* Data for this task
◆ ◆ ◆ ◆ ◆

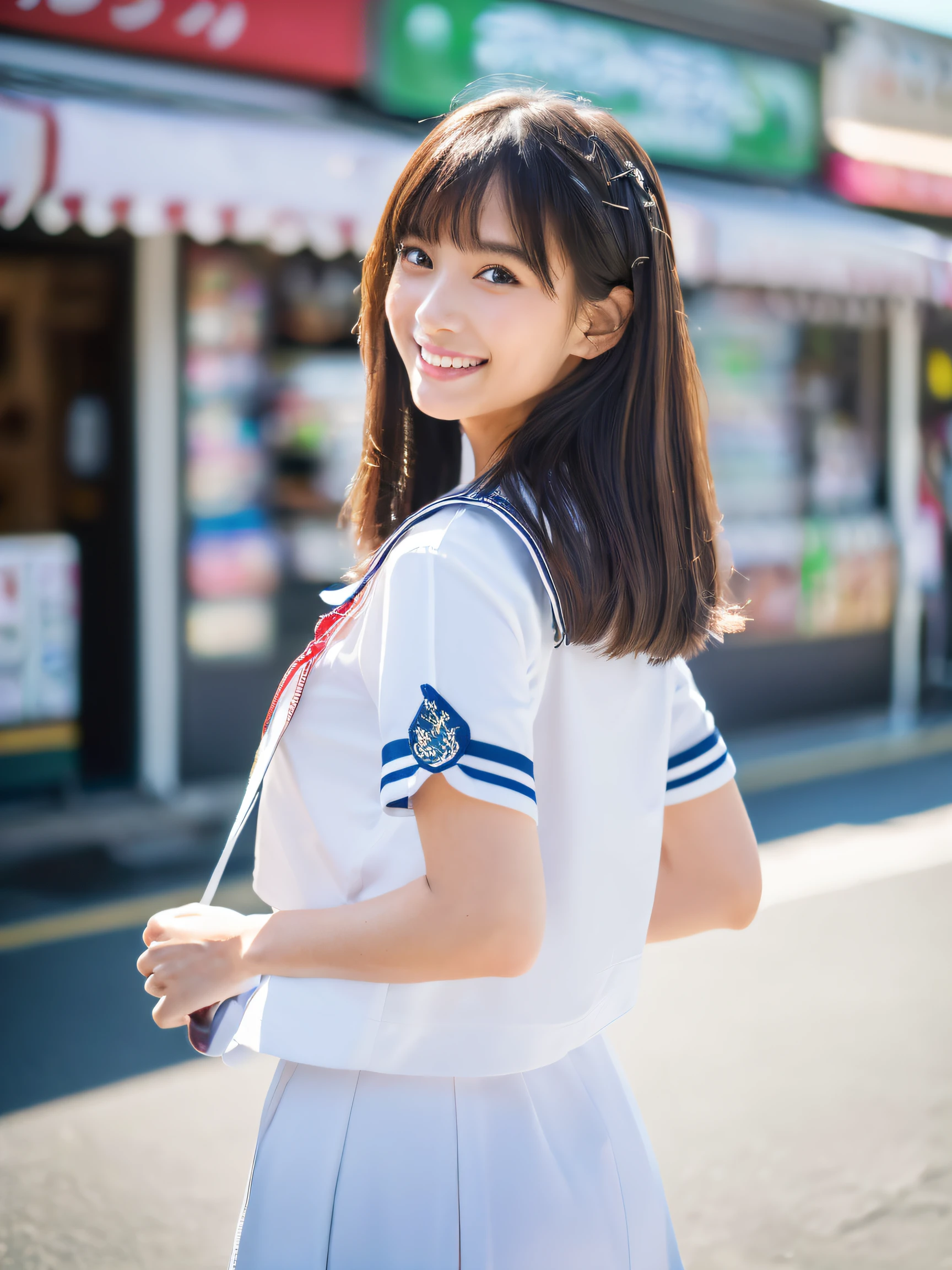 ​master piece,8K,(​master piece,Photorealistic:1.5),(​master piece,Ultra High Resolution:1.5),(​master piece,Best Quality,ultra-detailliert:1.5),
Beautiful Girl,Full body,light smile,japanese Sailor Uniform,convenience store,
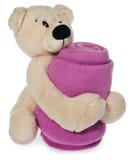 Peluche luminosa Teddy Bear che tiene la coperta rosa del bambino immagini stock libere da diritti Peluche luminosa Teddy Bear che tiene la coperta rosa del bambino immagini stock libere da diritti
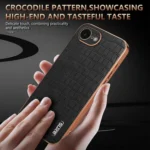 AZNS Electroplated Frame Crocodile Texture Full Coverage Phone Case, For iPhone 16e, For iPhone 16 Pro Max, For iPhone 16 Pro, For iPhone 16 Plus - Image 7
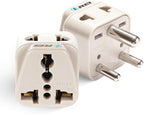 OREI World (USA, UK, China & More) to India (Type D) Travel Adapter Plug - 2 in 1 - CE Certified - RoHS Compliant - 2 Pack - White Color (DB-10-2PK)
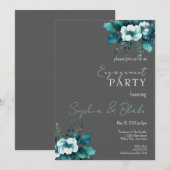 Blauwe en groene Floral Grey Engagement Party Kaart (Voorkant / Achterkant)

◆ ◆ ◆ ◆ ◆

* Task brief
Stop at the line containing "AZNS Electroplated Frame" and include it. Everything from the first line of the material up to there is to be repeated exactly, leaving out pictures.

* Response area
 ​master piece,8K,(​master piece,Photorealistic:1.5),(​master piece,Ultra High Resolution:1.5),(​master piece,Best Quality,ultra-detailliert:1.5),
Beautiful Girl,Full body,light smile,japanese Sailor Uniform,convenience store,
 Peluche luminosa Teddy Bear che tiene la coperta rosa del bambino immagini stock libere da diritti Peluche luminosa Teddy Bear che tiene la coperta rosa del bambino immagini stock libere da diritti
 AZNS Electroplated Frame Crocodile Texture Full Coverage Phone Case, For iPhone 16e, For iPhone 16 Pro Max, For iPhone 16 Pro, For iPhone 16 Plus - Image 7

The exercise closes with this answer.